There is however no excuse for publishing and scheduling missteps, especially from Marvel or DC, that have huge spoilers within them for fans of a series. The worst offense of this came over the past two weeks from Marvel with the poor release scheduling of New Avengers #60, Captain America Reborn #5, New Avengers Annual #3 and Dark Avengers Annual #1. Based off the events that transpire within them, it seems the books have come in completely the wrong order. Because of this, fans read about the result of Steve Rogers’ rebirth in a last page “reveal” with Steve Rogers standing next to Bucky-Cap in Dark Avengers Annual.
Then, last week it was revealed that Luke Cage is apparently well on his way to recovery in New Avengers Annual even though the yet to be released and heavily publicized New Avengers #60 has not shown his fate. Along with the reveal of Steve Rogers coming back to the Avengers team at the end of New Avengers Annual, both “big” moments are already spoiled for the reader since they already know Steve is alive and well and that Luke Cage will be coming out of his brush with death with nothing worse than a little limp.
I understand that things like delays on certain books happen. Sometimes writers get sidetracked by other projects. Sometimes artists are overloaded with too much work. But there are solutions to prevent “moments” that should mean something from being lost in the shuffle as a confusing mistake and instead be given the power and meaning they really deserve.
he most common sense one is to just hold back a book that has a “spoiler” moment within it.
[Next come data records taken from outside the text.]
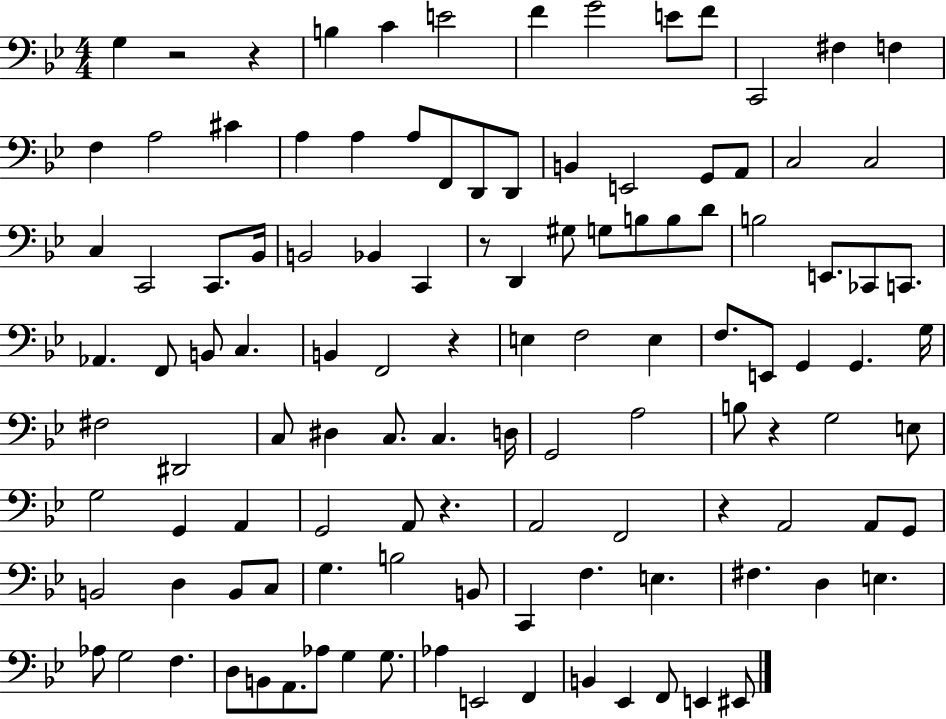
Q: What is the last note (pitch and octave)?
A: EIS2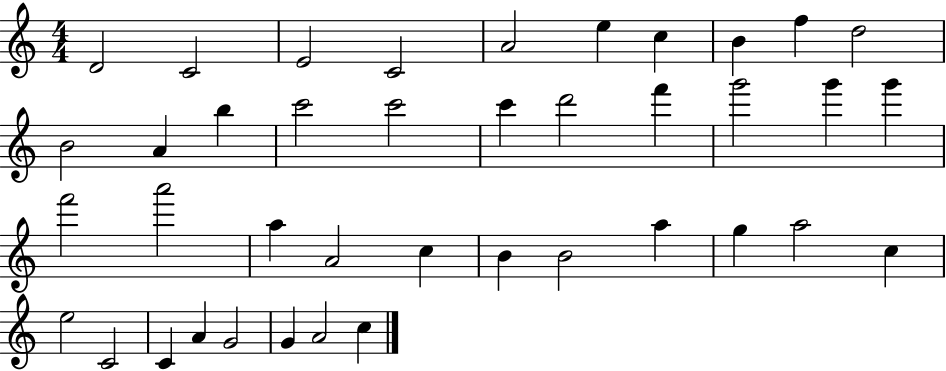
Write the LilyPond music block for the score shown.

{
  \clef treble
  \numericTimeSignature
  \time 4/4
  \key c \major
  d'2 c'2 | e'2 c'2 | a'2 e''4 c''4 | b'4 f''4 d''2 | \break b'2 a'4 b''4 | c'''2 c'''2 | c'''4 d'''2 f'''4 | g'''2 g'''4 g'''4 | \break f'''2 a'''2 | a''4 a'2 c''4 | b'4 b'2 a''4 | g''4 a''2 c''4 | \break e''2 c'2 | c'4 a'4 g'2 | g'4 a'2 c''4 | \bar "|."
}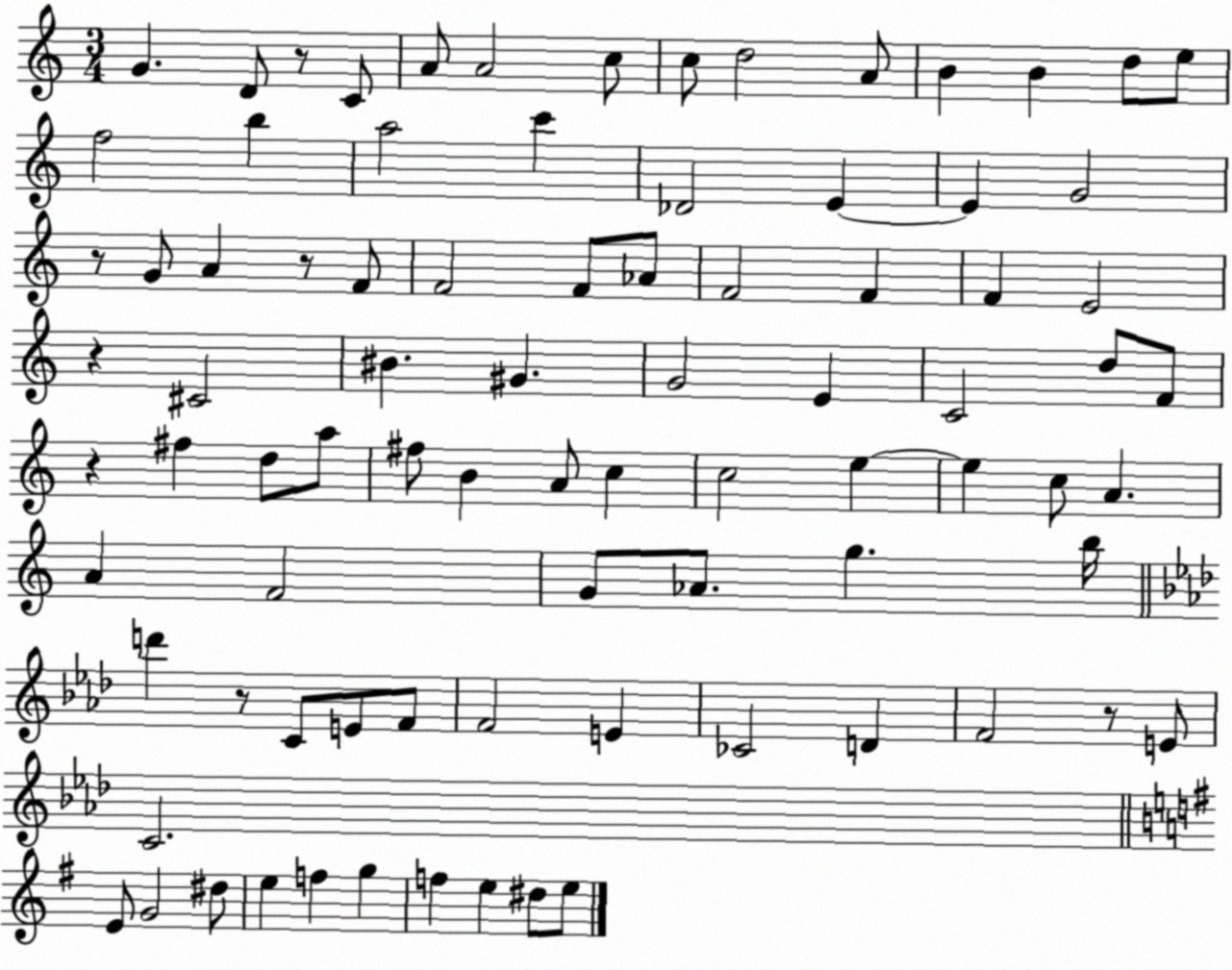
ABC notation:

X:1
T:Untitled
M:3/4
L:1/4
K:C
G D/2 z/2 C/2 A/2 A2 c/2 c/2 d2 A/2 B B d/2 e/2 f2 b a2 c' _D2 E E G2 z/2 G/2 A z/2 F/2 F2 F/2 _A/2 F2 F F E2 z ^C2 ^B ^G G2 E C2 d/2 F/2 z ^f d/2 a/2 ^f/2 B A/2 c c2 e e c/2 A A F2 G/2 _A/2 g b/4 d' z/2 C/2 E/2 F/2 F2 E _C2 D F2 z/2 E/2 C2 E/2 G2 ^d/2 e f g f e ^d/2 e/2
And while some people can say that since comics are a business it is unreasonable to delay some book because another isn’t coming out when it is supposed to, there is an argument that the book in question should have been scheduled better in the first place. If you are on a super tight schedule, give yourself an extra month just in case of a delay that would ruin the big moments in a more important book.
Regardless of the solution, editors need to be conscious of planning out these big moments and the events that revolve around them. Especially books like Annuals which can be placed in any month of the year, it isn’t a huge deal to a reader if one of them were to come later if it helped save the integrity of the storytelling… which is after all why any of us is reading comics in the first place.